Copy exactly the lines of the material below that fall between the line with "Radikale Empathie: Radikale" and the line with "Sources for English", both of those lines included; pictures stay out.

## Information given
----------
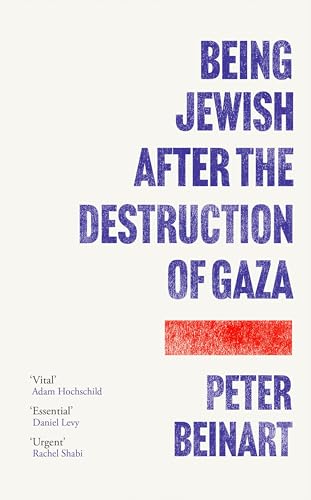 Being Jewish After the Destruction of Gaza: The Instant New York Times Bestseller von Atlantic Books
----------
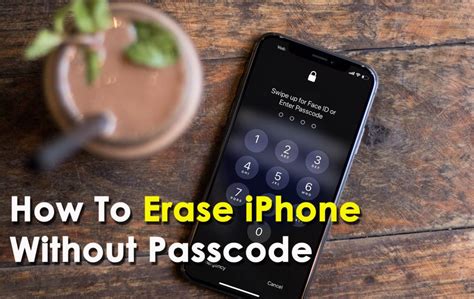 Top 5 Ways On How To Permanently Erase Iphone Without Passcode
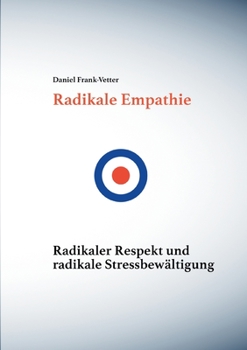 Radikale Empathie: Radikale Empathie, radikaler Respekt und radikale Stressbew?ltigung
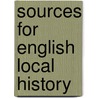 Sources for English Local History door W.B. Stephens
----------
## Exercise solution
 Radikale Empathie: Radikale Empathie, radikaler Respekt und radikale Stressbew?ltigung
 Sources for English Local History door W.B. Stephens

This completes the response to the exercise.